* **Your instructions**: Starting with the line containing "カラフルなピエロと虹色の数字 ベビーTシャツ (裏面)" and going on through the line containing "50% Vi 50% Pu", return the lines of the data below exactly, and only those.

* **Input records**:
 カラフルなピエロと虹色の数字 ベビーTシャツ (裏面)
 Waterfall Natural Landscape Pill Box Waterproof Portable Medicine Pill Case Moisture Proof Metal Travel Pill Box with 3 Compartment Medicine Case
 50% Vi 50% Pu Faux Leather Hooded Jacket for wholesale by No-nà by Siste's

--

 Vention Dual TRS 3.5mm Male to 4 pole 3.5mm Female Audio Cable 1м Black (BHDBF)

---

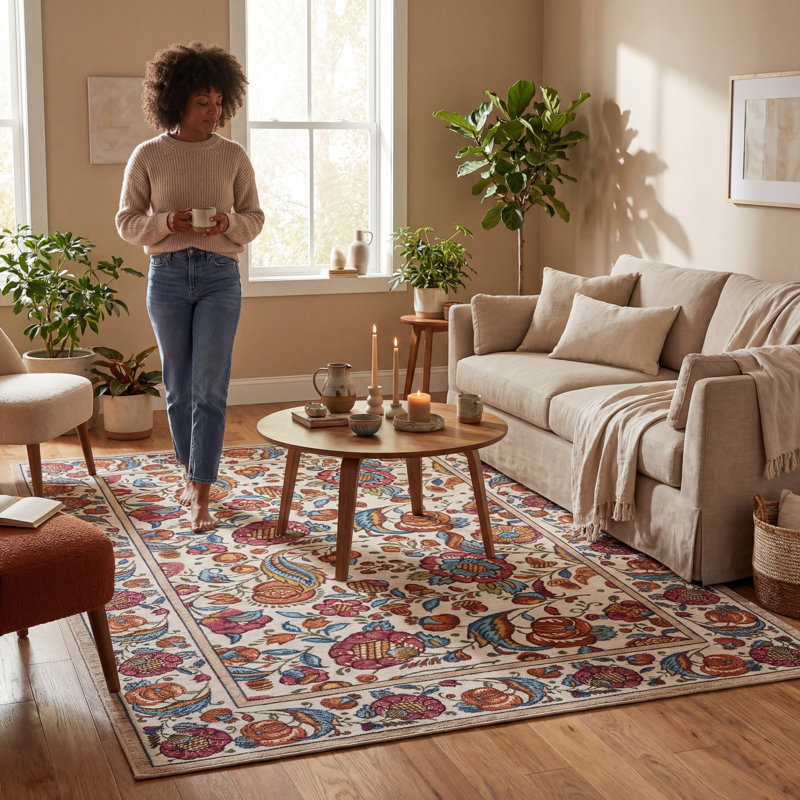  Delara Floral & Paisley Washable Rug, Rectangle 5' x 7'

* **Result for this task**:
 カラフルなピエロと虹色の数字 ベビーTシャツ (裏面)
 Waterfall Natural Landscape Pill Box Waterproof Portable Medicine Pill Case Moisture Proof Metal Travel Pill Box with 3 Compartment Medicine Case
 50% Vi 50% Pu Faux Leather Hooded Jacket for wholesale by No-nà by Siste's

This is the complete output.